----- Supplied data
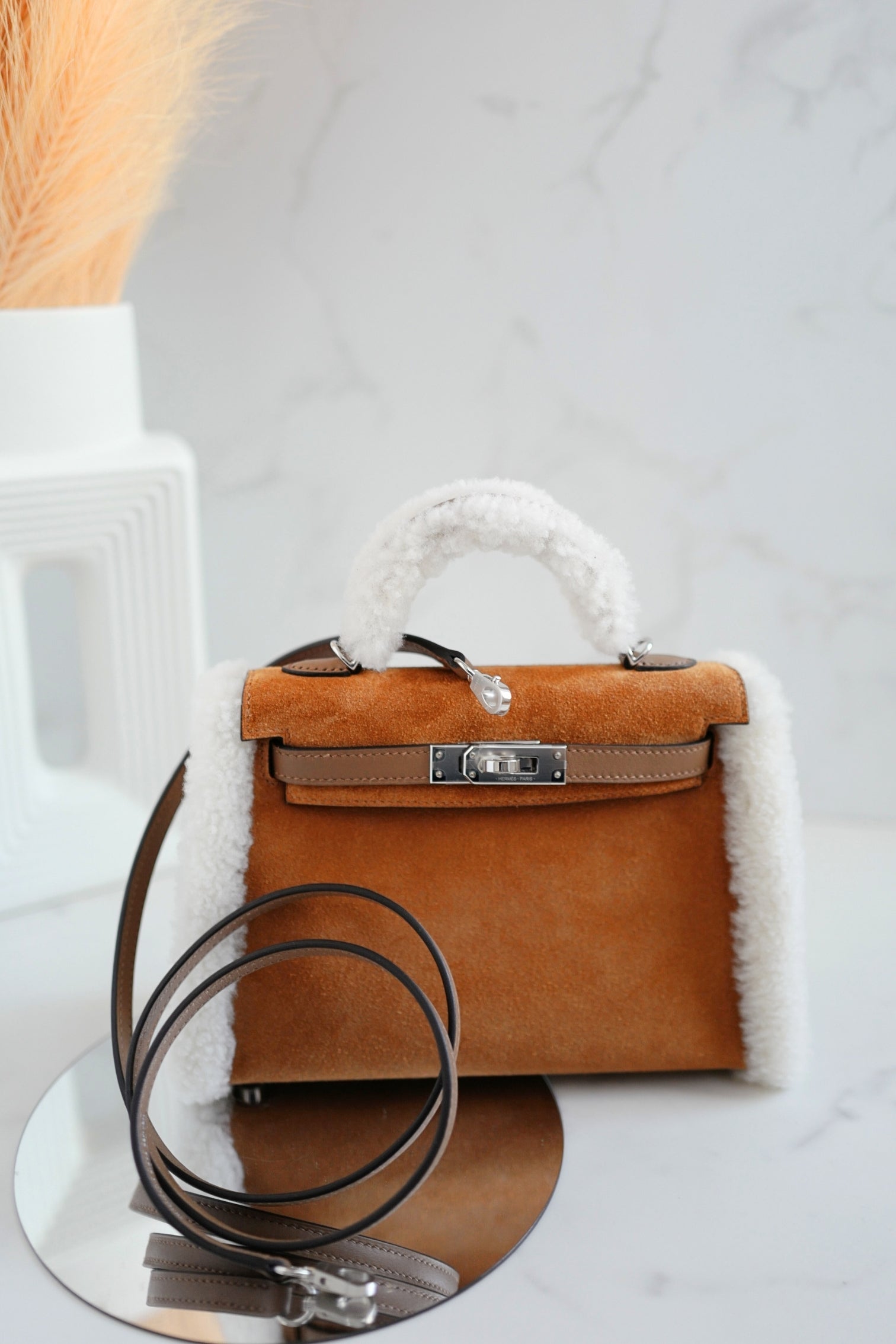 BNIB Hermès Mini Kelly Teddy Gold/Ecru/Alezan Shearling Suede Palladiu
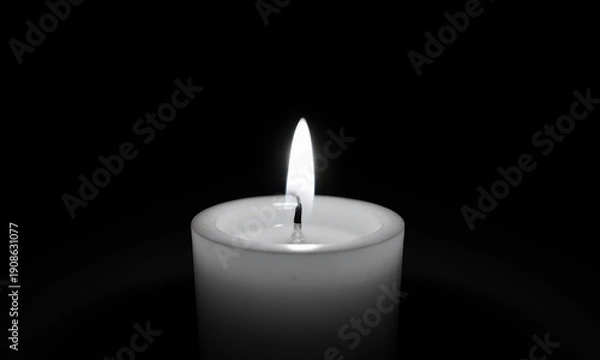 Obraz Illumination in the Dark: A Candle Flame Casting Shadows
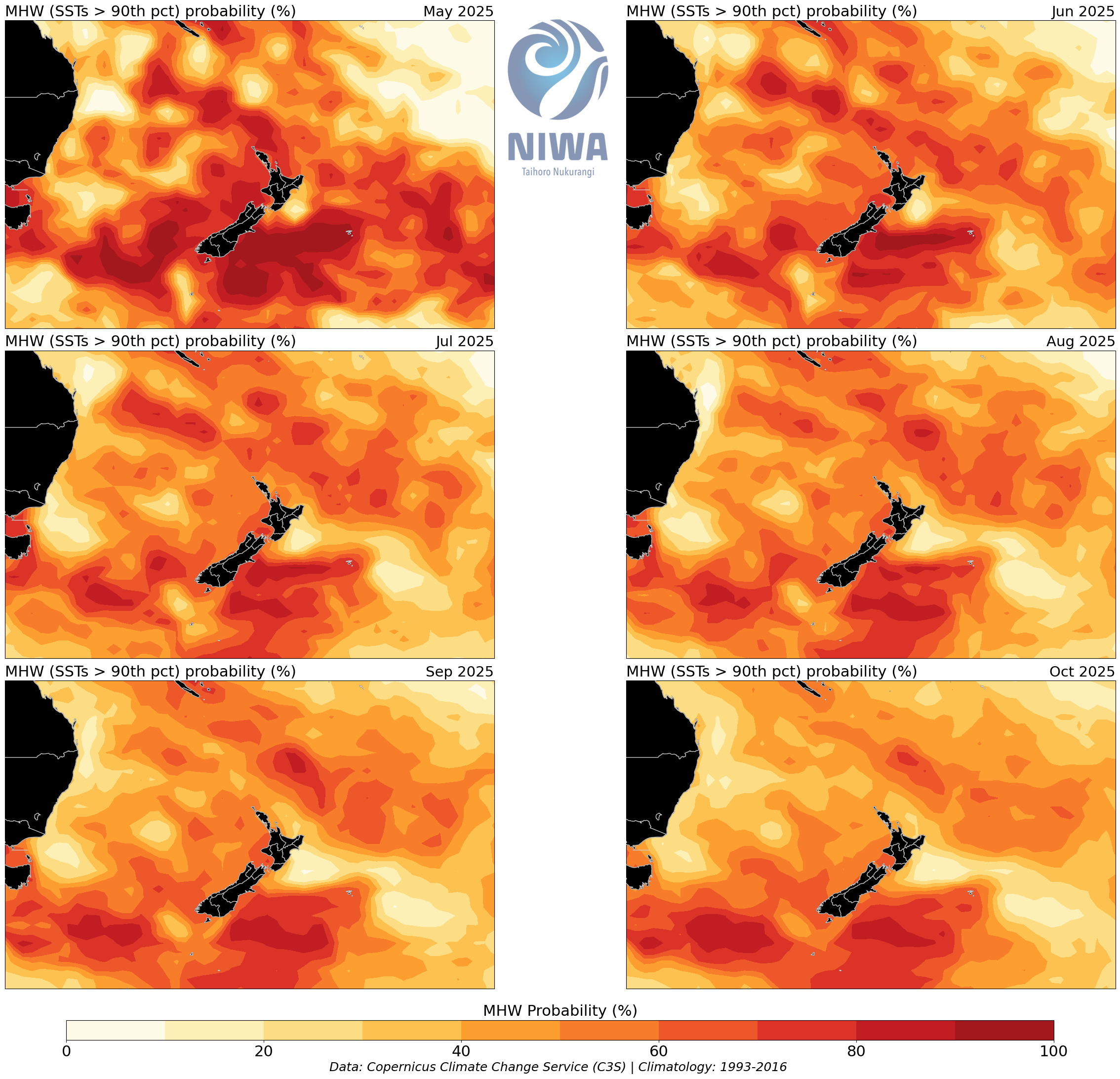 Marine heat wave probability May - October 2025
----------
### Problem
Could you copy the data above exactly, leaving the pictures out?

### Output
 BNIB Hermès Mini Kelly Teddy Gold/Ecru/Alezan Shearling Suede Palladiu
 Obraz Illumination in the Dark: A Candle Flame Casting Shadows
 Marine heat wave probability May - October 2025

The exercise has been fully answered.